National headline inflation has shown no signs of cooling off – inching up another 1.8 percent month-on-month in January 2024, at 28.3 percent year-on-year. The year-to-date headline inflation for seven months stands at 28.8 percent – having stuck around the same throughout the fiscal year. Mind you, this comes off a very high base of 25.4 percent in the same period last year. It has now been 20 straight months of national headline inflation staying clear of 20 percent year-on-year.
In a parallel universe, the central bank, in its latest monetary policy statement has continued to expect a “significant decline” in the second half, expecting FY24 average inflation in the range of 23-25 percent. Headline inflation will have to decline by 2 percentage points for each of the remaining five months of FY24 – and even then, the yearly average would be 26 percent.
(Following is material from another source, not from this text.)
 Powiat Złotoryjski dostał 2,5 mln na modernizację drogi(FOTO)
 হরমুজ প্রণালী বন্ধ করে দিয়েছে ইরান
It will take a never-before-seen rally of month-on-decline – as the sharpest fall in the last six years for a month was 2 percent – and there has never been an instance of five month-on-month decline in urban or rural CPI. It is safe to say inflation for FY24 will average significantly higher than the upper band of the revised SBP guidance – which will invariably lead to moving the short to medium-target target of 5-7 percent inflation – goal post by another quarter or two – for the umpteenth time.
In terms of composition, the focus has gradually shifted from food to non-food – more pronounced in the rural setting, where weighted contribution of non-food items to inflation is 70 percent – matched only once since August 2019. Sharp adjustments in administered energy prices are at the core of headline inflation – with gas and electricity taking the top two spots in urban settings for weighted contributions – at 20 and 10 percent respectively, as against a combined weight of 5.6 percent.
All said, the PBS once again messes up with the treatment of electricity tariffs –showing a 6.4 percent month-on-month increase. The ground reality though, is much different as January 2024 saw the induction of another quarterly adjustment of Rs1.15/unit – on top of the existing QTA of Rs3.28/unit, as the former does not expire till March 2024.
Monthly fuel charges adjustment at Rs4.13/unit was also higher from Rs3.08/unit for the previous month. The unprotected category in fact faced an average 21 percent month-on-month increase – which accounts for a little over 50 percent of all consumption. The only slab that faced a lower month-on-month increase than what the PBS reported is that of 700 plus units. The PBS is expected to continue mistreating electricity tariffs. More sharp adjustments are already on the way – as a colossal Rs81 billion in lieu of QTA has been sought for 2QFY24. Monthly FCA for February will also be higher than the previous month. And then, gas prices face another upward revision under the IMF’s watchful eyes, which could come into effect as early as March 2024.
The core inflation has somewhat softened as the year has gone by – but the WPI stays heated, that is a telltale sign of another round of transmission to retail. The talks of inflation in teens anytime soon appear far from reality. The government has also agreed with the IMF to impose higher taxes on textile and sugar consumption in case of monthly revenue shortfall. January 2024’s FBR target was missed. Brace.